Ekmek seçimine dikkat
Diyet programında ekmek seçiminiz de önem taşır. Bol tahıllı ekmek, tam buğday ekmeğini tercih edin…
Renklere önem verin
Tüm parlak ve koyu renkli (yeşil, kırmızı, mor, turuncu ve sarı) sebze ve meyveleri yemelisiniz; çünkü bu renkler aynı zamanda antioksidan özellikler taşır. Sebze ve meyveler bol su, vitamin-mineral içerler, az kalorilidirler. Sebze ve meyveler karbonhidrat kaynağı olmanın dışında lif, vitamin ve mineral içerdikleri, antioksidan özellikler taşıdıkları için beslenmede mutlaka belirli düzeyde tüketilmelidir.

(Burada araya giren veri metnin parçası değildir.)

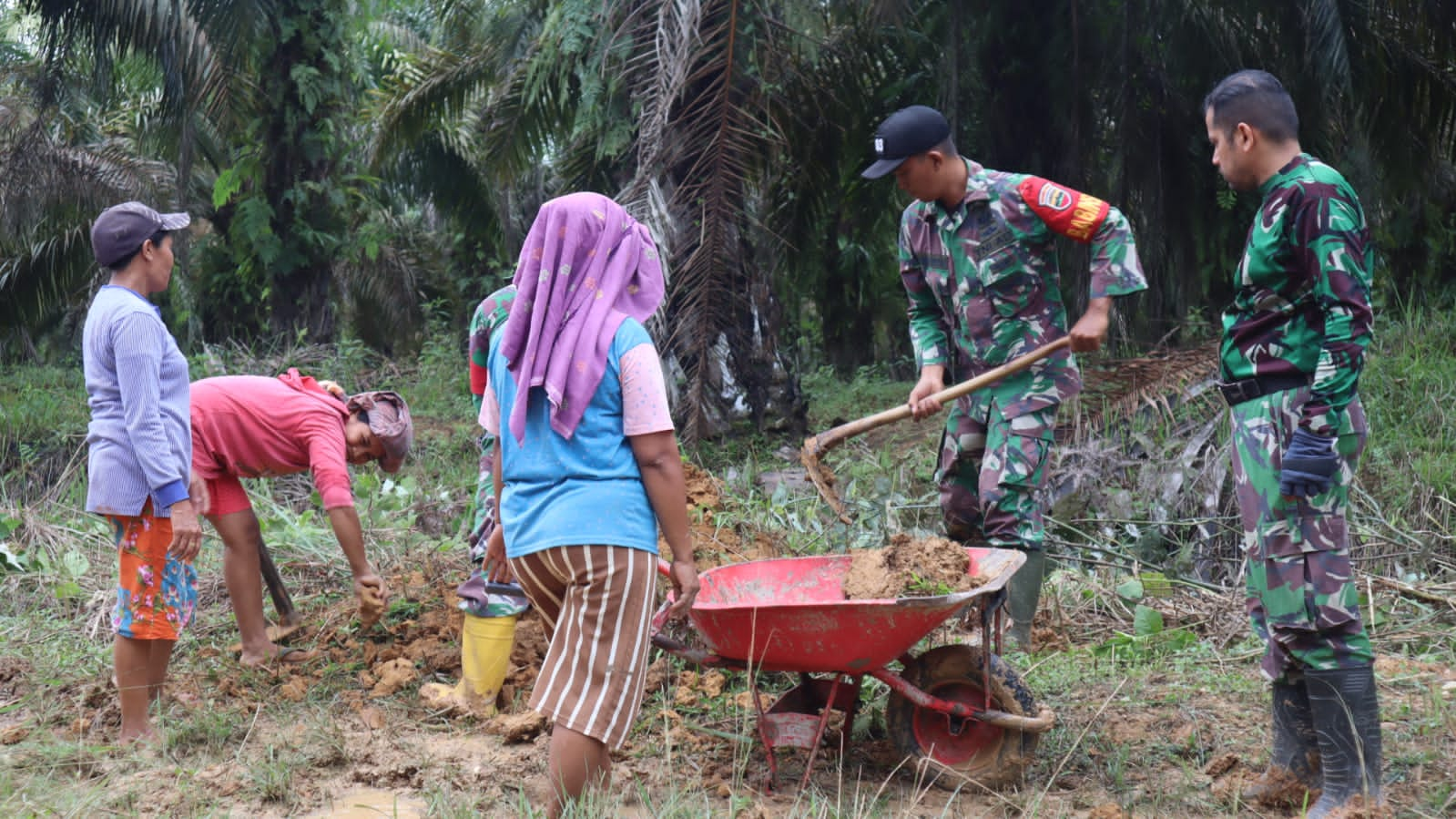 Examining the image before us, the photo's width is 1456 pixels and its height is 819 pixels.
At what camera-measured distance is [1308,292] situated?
10.4 feet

Posalı yiyecekleri tüketmeniz önemli
Posa bakımından zengin besinlerin yağ oranları daha düşüktür ve daha az kalori içerirler. Bu tür besinler, çiğnemeyi gerektirdiğinden yemek yemenizi ağırlaştırır, bu da doygunluk hissi yaratarak daha az yemek yemenizi sağlar ve beraberinde yeterli su alınması ile kısa zamanda, uzun süreli tokluk hissi yaşanır. Posanın kendisi sindirilmediğinden posa oranı yüksek fakat kalorisi düşük besinler seçilirse kilo vermeniz kolaylaşır.
Favori yiyecekleriniz, posa içeriği yüksek vitamin ve mineral kaynağı sebze ve meyveler ile kepeklerinden ayrılmamış, (işlenmemiş)rafine edilmemiş tahıllar olmalıdır.
Yeterli kalsiyum ve C vitamini
Kalsiyum” ve “C” vitamini takviyeleri de metabolizmayı hızlandırmada, kilo vermede yardımcı olur. Yeterli kalsiyum alın, (brokoli, badem, kabak, koyu renkli sebzeler, süt, yoğurt, peynir gibi) C vitamini içeren yiyecekleri yemelisiniz. C vitamini, yağ yakımını arttırıcı özelliktedir. C vitamini doğal yollardan sebze ve meyvelerden alındığında ise etkisini daha fazla gösterir.
Bol su az tuz
Bol bol sıvı tüketin. Daha hızlı kilo kaybı için bol su içmeye çalışın, günlük su tüketiminizin 2,5 litre olmalıdır. Su yağlar ve toksinlerin atılmasına yardımcı olur, su tutma (ödem) ve şişkinliği önler.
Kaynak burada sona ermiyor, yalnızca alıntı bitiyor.